Especiales

Unas 30.000 armas de fuego se trafican anualmente desde Paraguay al Brasil

El hallazgo de un gran "supermercado de armas" en pleno barrio Villa Aurelia de Asunción, revela la magnitud de esta actividad delictiva en el Paraguay. Un informe de la Fundación del Nobel de la Paz Oscar Arias, en 2010, ya establecía que unas 30.000 armas se destinan anualmente a organizaciones criminales brasileñas, como el Primer Comando Capital y el Comando Vermelho.

Por Andrés Colmán Gutiérrez - @andrescolman

-Si un cliente busca una ametralladora UZI, ¿podés conseguir?

-Sin ningún problema.

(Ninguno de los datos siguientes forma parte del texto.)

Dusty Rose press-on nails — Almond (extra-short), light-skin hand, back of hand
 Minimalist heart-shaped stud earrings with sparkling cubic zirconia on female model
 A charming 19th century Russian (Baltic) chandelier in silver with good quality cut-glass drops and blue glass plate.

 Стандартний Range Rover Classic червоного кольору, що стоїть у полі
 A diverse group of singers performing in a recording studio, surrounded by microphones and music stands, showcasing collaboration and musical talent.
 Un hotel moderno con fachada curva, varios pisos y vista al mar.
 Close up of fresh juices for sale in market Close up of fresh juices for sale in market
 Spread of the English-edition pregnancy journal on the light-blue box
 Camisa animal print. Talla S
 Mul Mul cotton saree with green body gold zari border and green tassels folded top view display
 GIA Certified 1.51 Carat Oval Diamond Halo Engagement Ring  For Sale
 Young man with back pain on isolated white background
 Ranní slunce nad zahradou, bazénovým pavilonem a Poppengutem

Una UZI, de fabricación israelí, te va a salir 1.500 dólares.

El diálogo, mantenido hace algunos años con un proveedor del mercado negro de Ciudad del Este, para una serie de reportajes de investigación realizados por Última Hora, revela la tremenda facilidad con que se pueden adquirir en el país armas de grueso calibre y de venta prohibida.

El hallazgo, en la noche del miércoles, de un depósito clandestino en el barrio Villa Aurelia de Asunción, con un impresionante stock de armas y explosivos, que constituye el mayor decomiso logrado hasta ahora por las autoridades, demuestra la gran dimensión que esta actividad ilícita sigue teniendo en el país.

El propio fiscal general del Estado, Javier Díaz Verón, bautizó al lugar como un "supermercado de armas".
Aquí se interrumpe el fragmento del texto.